* _Problem statement_
Every line from the one with "Baignoire ovale - DAD1003" to the final line of the records should be printed exactly as it is, with pictures left out.
※
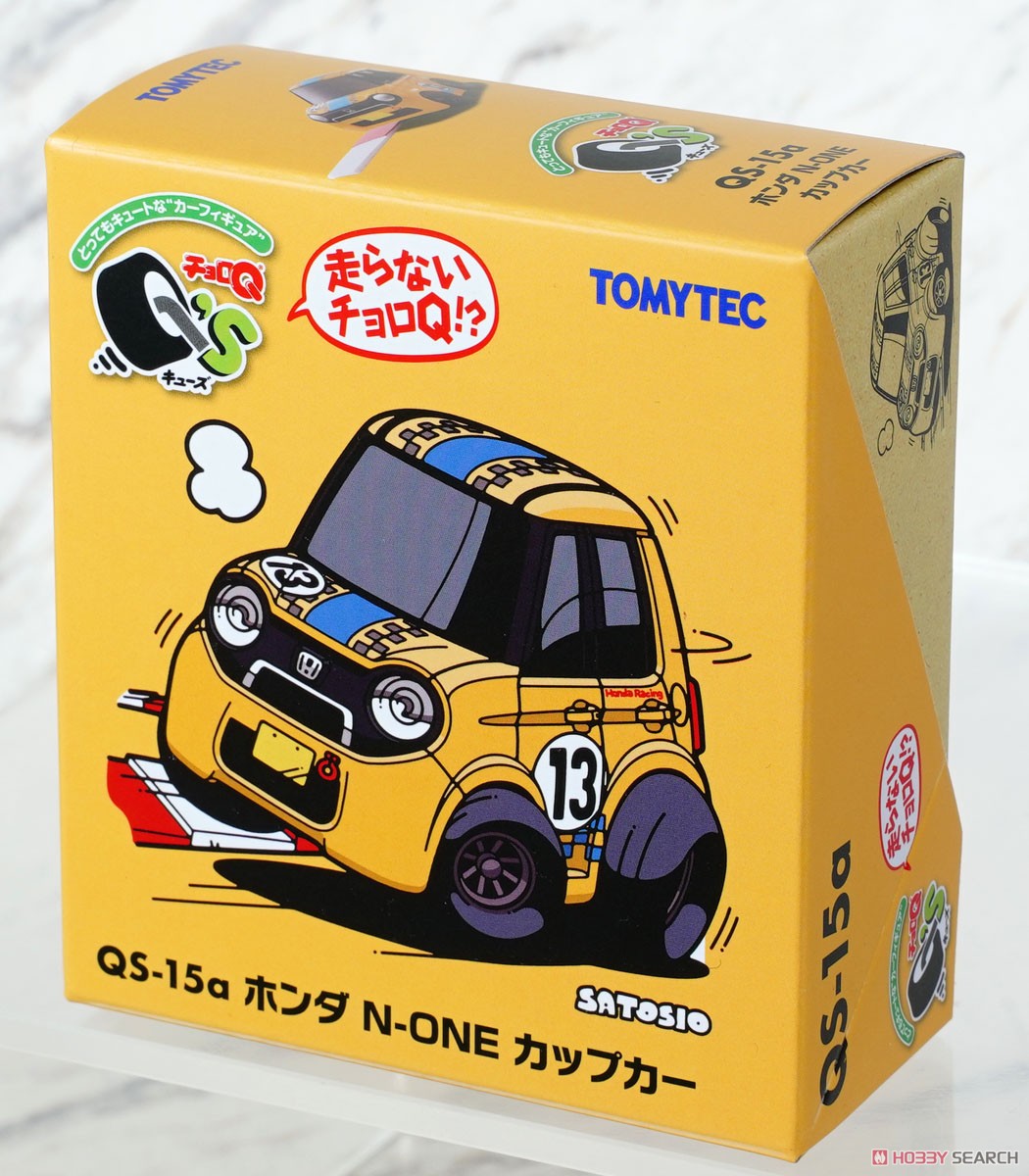 チョロQ Q`s (キューズ) QS-15a ホンダ N-ONE カップカー (チョロQ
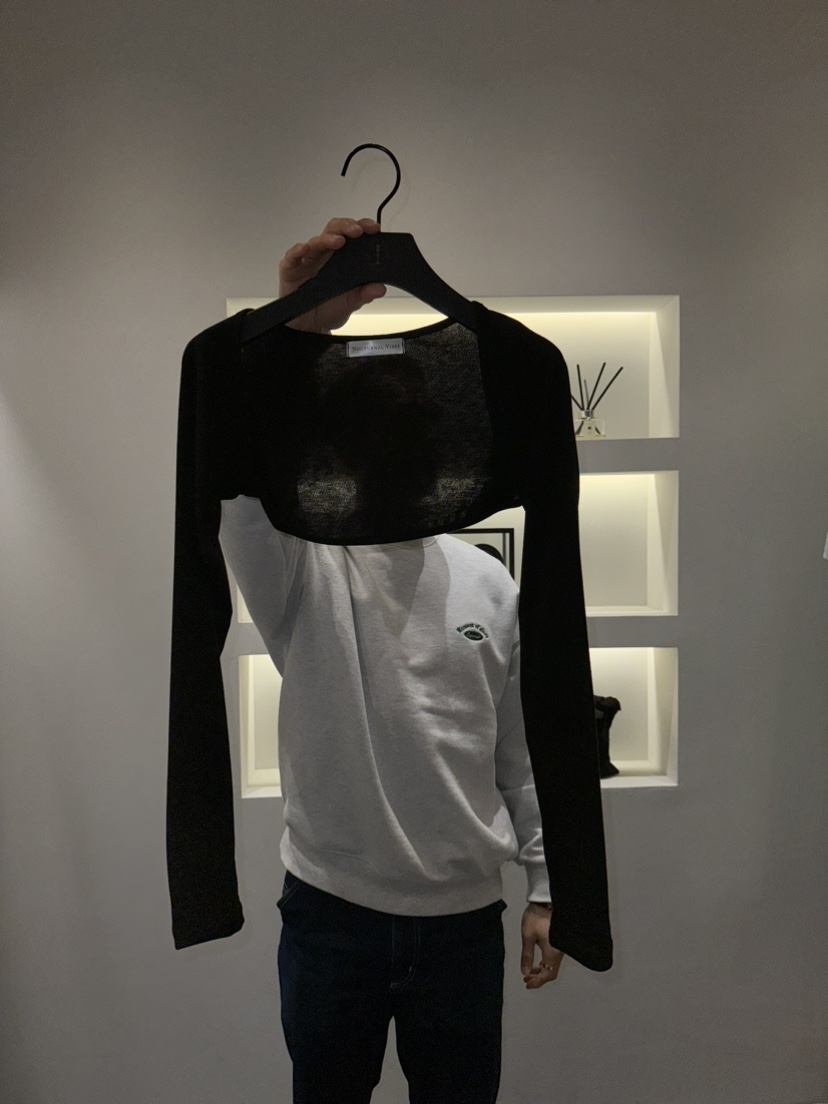 NOCTURNAL VIBE東大門直郵女裝新品推薦時尚職業25春夏T恤NOCTURNAL VIBET恤圖色3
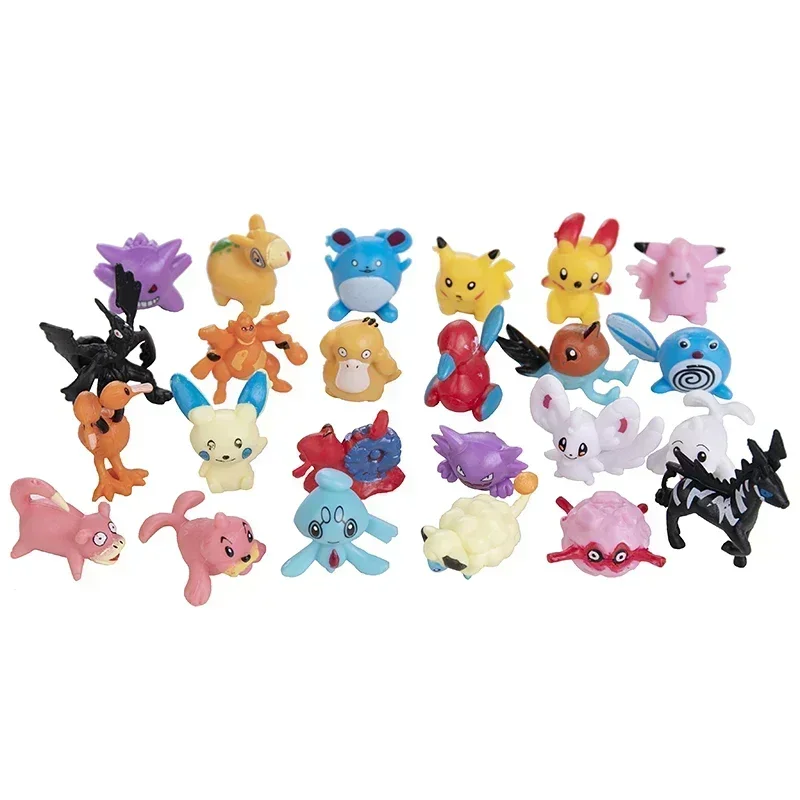 24-144pcs Pokemon Figure Model - Kids Toys Young reseña y precio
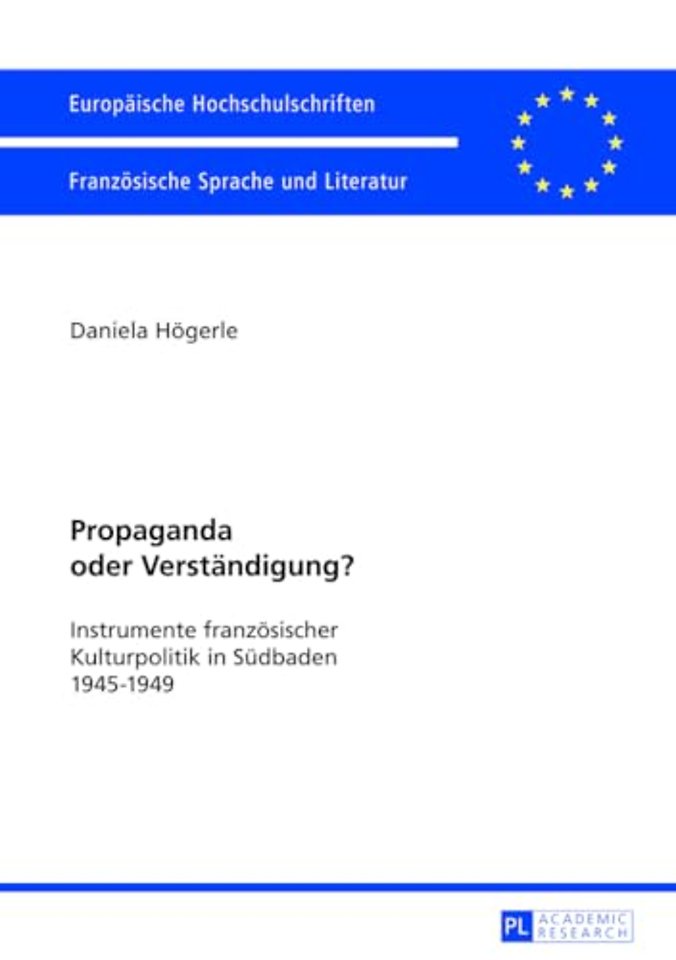 Propaganda Oder Verstaendigung?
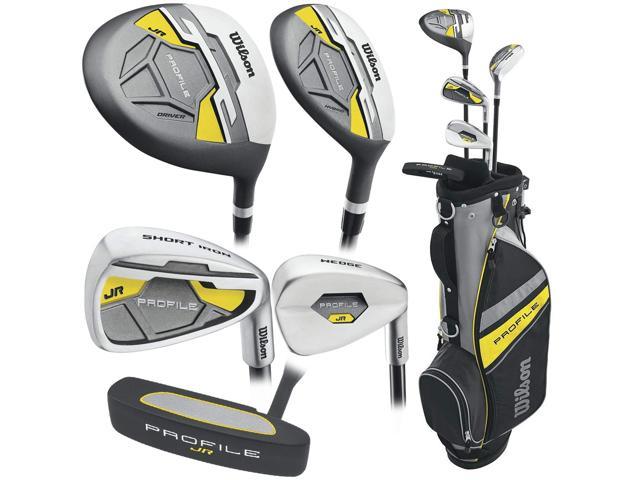 Photos - Golf Wilson Profile JGI Junior Medium Yellow Complete Set WGGC69200 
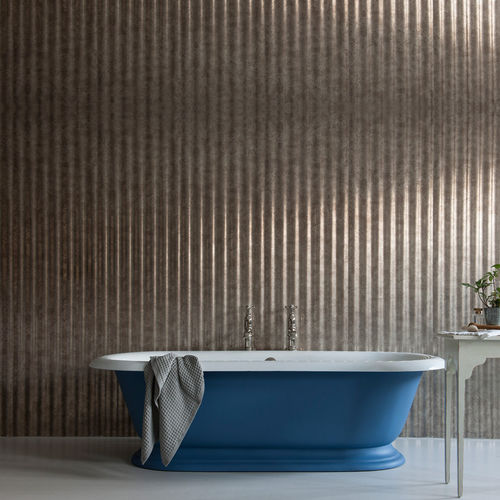 Baignoire ovale - DAD1003 - Drummonds - en îlot / en fonte / blanche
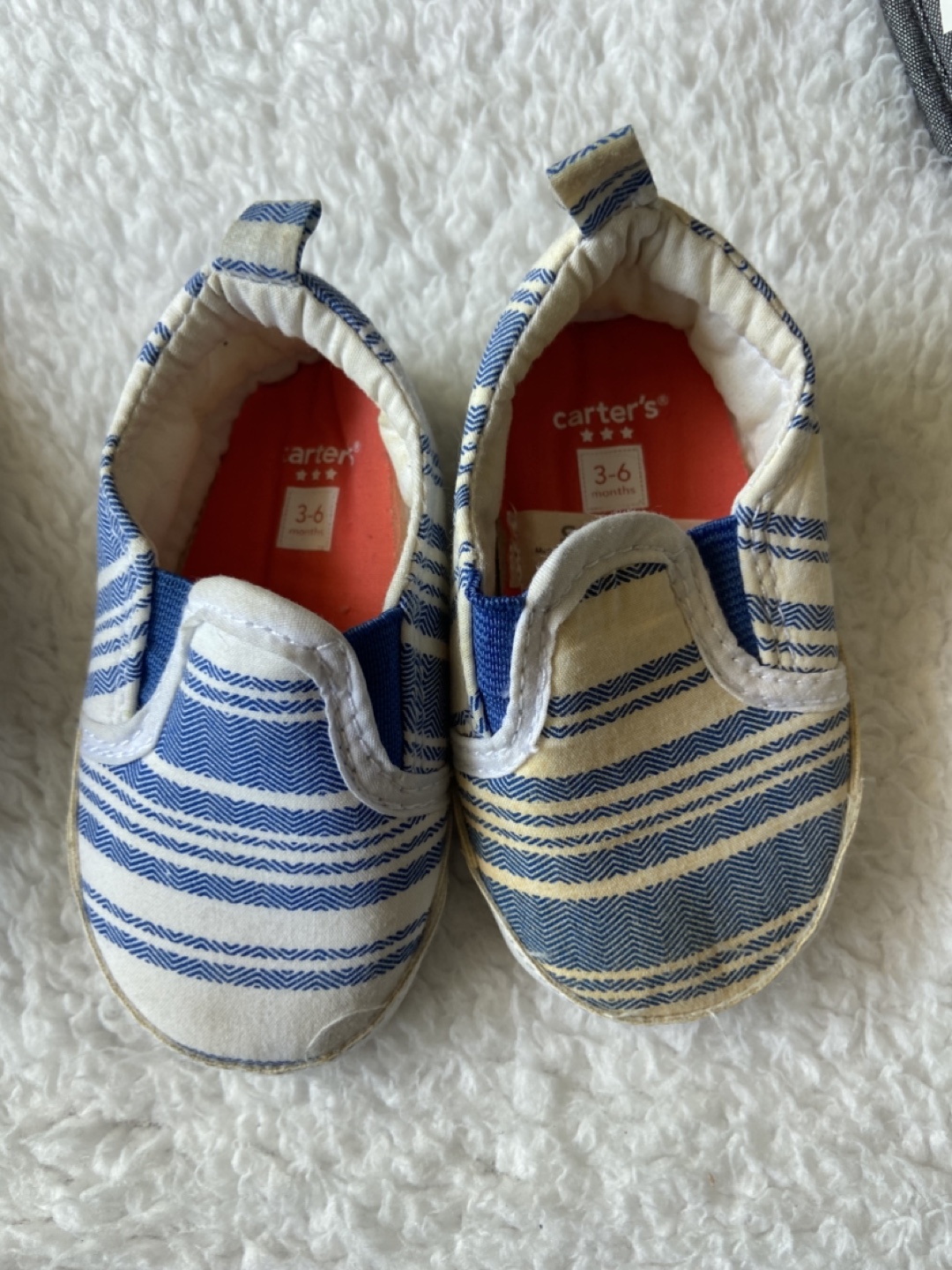 Carter's & Joe Fresh Baby Shoes - Size 3-6 Months - photo 3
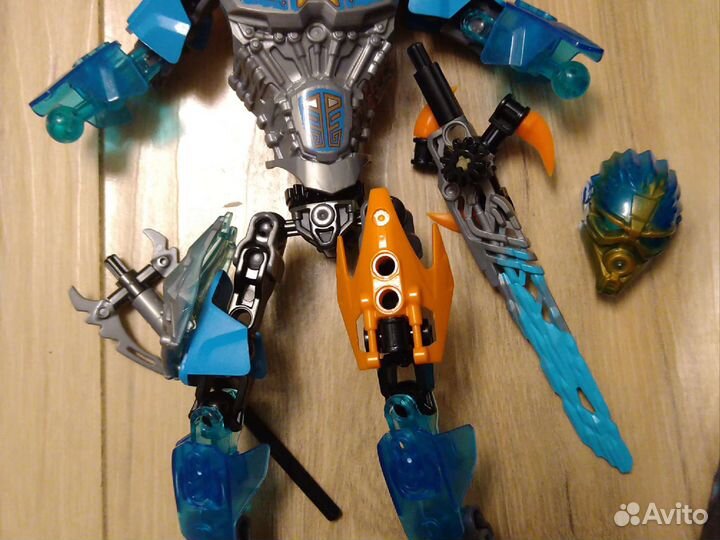 Робот Бионикл ksz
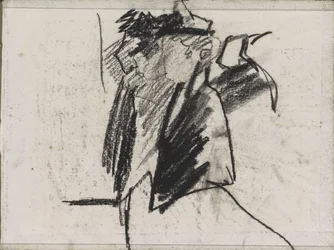 Group of Women, Possibly on the Street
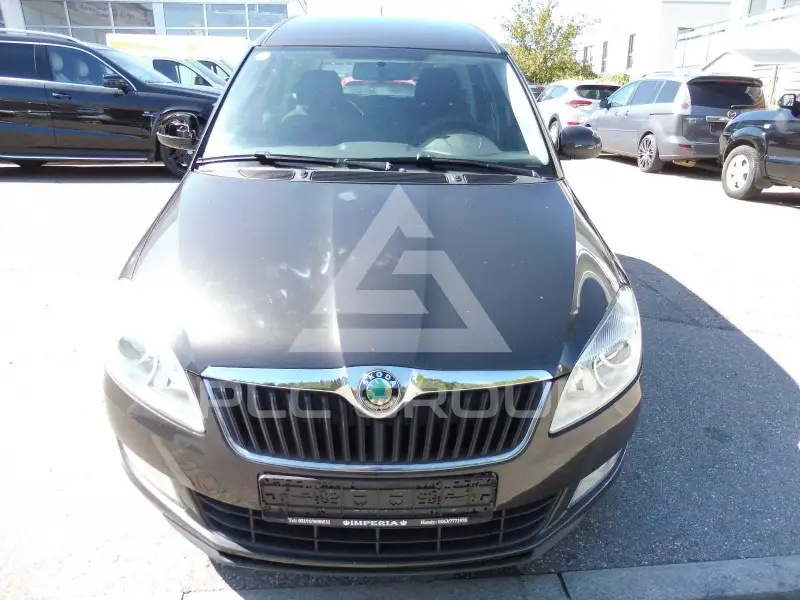 2011 Skoda Roomster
※
* _Solution for this problem_
 Baignoire ovale - DAD1003 - Drummonds - en îlot / en fonte / blanche
 Carter's & Joe Fresh Baby Shoes - Size 3-6 Months - photo 3
 Робот Бионикл ksz
 Group of Women, Possibly on the Street
 2011 Skoda Roomster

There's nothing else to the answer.